The problem: Once the line with "May include: A blue" is found in the entries below, repeat it and each following line exactly, up to and including the line with "Beautiful patchwork male". Add no other lines.

Extracted records
-*-

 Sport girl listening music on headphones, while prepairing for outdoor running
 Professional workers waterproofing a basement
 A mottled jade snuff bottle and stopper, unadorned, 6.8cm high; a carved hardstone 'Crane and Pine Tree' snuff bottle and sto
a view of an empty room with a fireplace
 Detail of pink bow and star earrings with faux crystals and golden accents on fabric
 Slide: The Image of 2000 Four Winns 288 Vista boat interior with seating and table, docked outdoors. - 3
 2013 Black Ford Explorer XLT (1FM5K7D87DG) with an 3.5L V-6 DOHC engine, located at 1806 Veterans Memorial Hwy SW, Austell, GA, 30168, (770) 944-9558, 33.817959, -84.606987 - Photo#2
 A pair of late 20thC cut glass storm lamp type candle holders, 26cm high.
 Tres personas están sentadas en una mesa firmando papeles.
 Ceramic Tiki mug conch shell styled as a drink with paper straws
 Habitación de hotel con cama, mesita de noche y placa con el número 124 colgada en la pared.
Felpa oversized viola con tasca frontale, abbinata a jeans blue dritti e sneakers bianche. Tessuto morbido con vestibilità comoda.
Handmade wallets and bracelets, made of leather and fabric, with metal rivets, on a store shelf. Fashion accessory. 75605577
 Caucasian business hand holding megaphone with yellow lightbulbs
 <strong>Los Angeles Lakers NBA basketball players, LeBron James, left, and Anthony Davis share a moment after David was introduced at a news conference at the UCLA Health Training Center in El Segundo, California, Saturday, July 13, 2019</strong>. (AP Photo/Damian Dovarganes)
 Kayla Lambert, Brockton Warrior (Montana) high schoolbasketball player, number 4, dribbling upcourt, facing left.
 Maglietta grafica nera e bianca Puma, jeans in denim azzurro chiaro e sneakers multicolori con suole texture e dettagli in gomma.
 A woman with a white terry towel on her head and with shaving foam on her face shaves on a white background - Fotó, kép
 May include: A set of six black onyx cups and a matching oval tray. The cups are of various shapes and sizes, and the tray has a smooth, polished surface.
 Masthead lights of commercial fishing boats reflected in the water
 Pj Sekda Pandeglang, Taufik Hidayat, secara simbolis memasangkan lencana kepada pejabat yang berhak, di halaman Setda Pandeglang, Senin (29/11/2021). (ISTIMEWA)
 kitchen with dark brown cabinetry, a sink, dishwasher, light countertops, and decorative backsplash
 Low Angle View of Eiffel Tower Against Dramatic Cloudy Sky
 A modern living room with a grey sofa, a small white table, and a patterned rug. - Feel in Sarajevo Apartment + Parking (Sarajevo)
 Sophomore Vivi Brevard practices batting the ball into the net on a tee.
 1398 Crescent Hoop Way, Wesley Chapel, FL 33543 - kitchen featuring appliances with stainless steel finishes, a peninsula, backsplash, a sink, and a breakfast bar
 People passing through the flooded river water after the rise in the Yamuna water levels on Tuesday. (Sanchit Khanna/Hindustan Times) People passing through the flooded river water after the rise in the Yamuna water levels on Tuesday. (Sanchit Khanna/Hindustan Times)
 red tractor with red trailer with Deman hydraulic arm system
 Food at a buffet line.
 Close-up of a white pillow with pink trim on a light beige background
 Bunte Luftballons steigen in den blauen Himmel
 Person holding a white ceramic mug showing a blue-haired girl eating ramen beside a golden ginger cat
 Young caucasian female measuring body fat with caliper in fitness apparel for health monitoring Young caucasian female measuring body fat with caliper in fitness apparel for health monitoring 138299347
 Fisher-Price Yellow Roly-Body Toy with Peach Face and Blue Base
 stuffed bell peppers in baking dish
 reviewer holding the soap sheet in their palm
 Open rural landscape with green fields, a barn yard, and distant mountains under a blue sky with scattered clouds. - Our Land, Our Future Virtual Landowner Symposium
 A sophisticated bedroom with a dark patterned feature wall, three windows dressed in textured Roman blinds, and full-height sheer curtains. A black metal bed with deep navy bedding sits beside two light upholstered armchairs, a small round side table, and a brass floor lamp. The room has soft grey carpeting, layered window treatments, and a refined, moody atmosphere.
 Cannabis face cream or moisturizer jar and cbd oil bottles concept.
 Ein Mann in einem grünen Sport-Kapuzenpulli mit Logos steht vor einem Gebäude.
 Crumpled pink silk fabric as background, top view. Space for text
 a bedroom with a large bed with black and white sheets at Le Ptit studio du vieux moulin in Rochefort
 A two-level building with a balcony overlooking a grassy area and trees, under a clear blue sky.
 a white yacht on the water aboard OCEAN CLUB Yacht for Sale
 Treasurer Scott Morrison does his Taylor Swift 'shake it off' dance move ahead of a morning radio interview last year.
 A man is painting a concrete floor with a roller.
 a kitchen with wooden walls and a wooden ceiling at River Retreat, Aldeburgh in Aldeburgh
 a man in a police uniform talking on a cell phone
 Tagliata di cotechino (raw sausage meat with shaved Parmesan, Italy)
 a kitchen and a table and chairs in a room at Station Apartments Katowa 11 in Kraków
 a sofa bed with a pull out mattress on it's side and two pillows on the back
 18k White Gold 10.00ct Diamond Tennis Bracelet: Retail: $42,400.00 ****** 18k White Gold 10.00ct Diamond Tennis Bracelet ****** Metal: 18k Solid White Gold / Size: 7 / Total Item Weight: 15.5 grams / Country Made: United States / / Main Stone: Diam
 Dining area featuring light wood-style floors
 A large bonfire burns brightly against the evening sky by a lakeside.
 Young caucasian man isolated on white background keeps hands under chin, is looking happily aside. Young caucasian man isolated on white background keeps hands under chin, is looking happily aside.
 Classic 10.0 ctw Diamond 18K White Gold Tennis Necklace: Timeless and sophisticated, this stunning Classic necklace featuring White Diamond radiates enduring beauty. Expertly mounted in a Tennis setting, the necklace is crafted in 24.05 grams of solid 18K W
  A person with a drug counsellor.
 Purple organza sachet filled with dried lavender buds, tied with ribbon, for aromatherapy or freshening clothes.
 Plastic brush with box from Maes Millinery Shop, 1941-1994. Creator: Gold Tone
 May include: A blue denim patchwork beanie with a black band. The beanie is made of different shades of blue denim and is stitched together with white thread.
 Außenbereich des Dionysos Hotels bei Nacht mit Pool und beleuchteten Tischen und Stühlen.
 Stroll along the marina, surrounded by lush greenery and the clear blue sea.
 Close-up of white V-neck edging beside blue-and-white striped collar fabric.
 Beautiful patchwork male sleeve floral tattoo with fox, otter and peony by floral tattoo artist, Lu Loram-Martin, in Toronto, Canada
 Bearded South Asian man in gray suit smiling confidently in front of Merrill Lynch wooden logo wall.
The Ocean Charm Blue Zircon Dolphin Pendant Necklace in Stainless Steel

-*-

Exercise result:
 May include: A blue denim patchwork beanie with a black band. The beanie is made of different shades of blue denim and is stitched together with white thread.
 Außenbereich des Dionysos Hotels bei Nacht mit Pool und beleuchteten Tischen und Stühlen.
 Stroll along the marina, surrounded by lush greenery and the clear blue sea.
 Close-up of white V-neck edging beside blue-and-white striped collar fabric.
 Beautiful patchwork male sleeve floral tattoo with fox, otter and peony by floral tattoo artist, Lu Loram-Martin, in Toronto, Canada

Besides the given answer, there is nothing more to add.